War or no war, for those in the market for an elegant automobile, WillysOverland’s new thirty-five-horsepower Overland model “Eighty-five four” ran for $895. And the price of Caruso in your living room, a state-of-the-art Victrola XVH, was $250; cheaper Victrola models started at $10.


 
1942 Fifty Years Ago
Miss America Goes to War

When the last wartime Miss America was crowned in September, Miss Chicago took the loss particularly hard and wept without restraint on the Atlantic City stage. No one knew, of course, how long the war might last, and the winner, Miss Texas, or JoCarroll Dennison, began an indefinite reign. Her clinching song in the musical portion of the competition, “Deep in the Heart of Texas,” brought mighty cheers from servicemen in the audience. In addition to noting Dennison’s anatomical statistics, Life magazine reported that she could rope, ride, take dictation, and had vowed not to marry until the fighting was over.

Japan released the first pictures of American prisoners of war in several government-propaganda magazines. One publication, Freedom, showed captured Americans enjoying camp meals of “juicy meat” and others gathered in a drab circle around a radio. “Music and merriment reigns in Shanghai concentration camps,” the magazine explained.


 
1967 Twenty-five Years Ago
Why Were We in Vietnam?

On September 10 Putnam released Norman Mailer’s savage hunting parable, Why Are We in Vietnam? The book follows the story of a man and his son from Dallas—"Tex” and “DJ."—who go after Alaskan grizzlies, bragging and killing and swearing their way across the wilderness. This twisted tale was Mailer’s answer to the question posed by his title, and his implied psychological portrait of Lyndon Johnson’s White House as an imperial hunting party provoked many of the same harsh feelings as the war his book was lampooning: some reviewers panned it for the grotesque the author had made of the American attitude; others agreed with Mailer’s sentiment but found the analogy between the hunters’ mission and the U.S. engagement in Southeast Asia strained and overlong. For his puzzled colleagues who claimed to see no relation between the book’s essayistic title and the swearing bear-shoot inside, Newsday’s Mike McGrady explained, “It’s about violence and brutality, fear and power, thwarted and misdirected sexuality, the Texas way of thinking.”

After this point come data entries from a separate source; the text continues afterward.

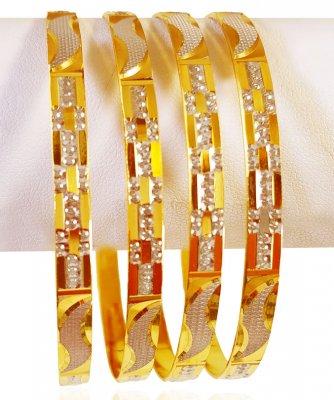 22KT Gold Rhodium Bangles (4 Pcs) ( Two Tone Bangles )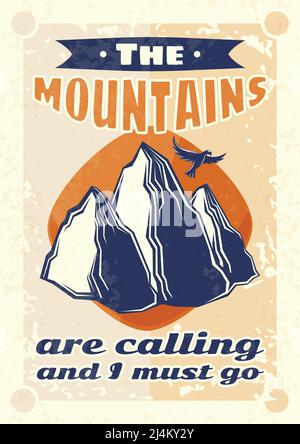 Vintage poster design with illustration of mountains and an eagle on the background. Stock Vector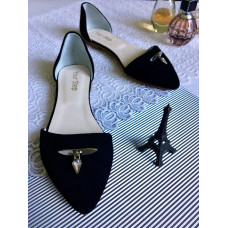 Балетки з чорної замші з фурнітурою Арт.: 17-1/3595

After an initial splash the novel stalled at bookstores. “A number of my readers would think Why Are We in Vietnam? was my best book,” Mailer claimed years later. “I thought I had never written a funnier one.”

By summer an undeclared presidential candidate who had made his name in business was making the Texan President uneasy with his rising strength in the polls. George Romney, the former American Motors Corporation executive and governor of Michigan recently made famous by his strong-handed performance during Detroit’s riots, was the current favorite for the Republicans, ahead of Richard Nixon, Nelson Rockefeller, and others.

But then, on September 4, he gave a fateful interview. Explaining his sudden change of heart about the war in Vietnam, Romney claimed that during his 1965 visit to Southeast Asia, military personnel had given him “the greatest brainwashing that anyone can get.” Despite the growing unpopularity of the war, Romney’s comments caused his standing in the polls to drop sharply, as one commentator after another asked how a man so easily taken in by military aides would survive as President. Romney’s best response was to make a tour of inner-city battle scenes for several weeks, exploring the aftermath of recent violence around the country. By the end of September, Romney’s popularity had edged back up. A world tour in December failed to secure his stature among Republican candidates, though, and by January 1968 he trailed Nixon, Rockefeller, and California’s governor, Ronald Reagan, and quit the race two weeks before the New Hampshire primary, not sure exactly what had beaten him.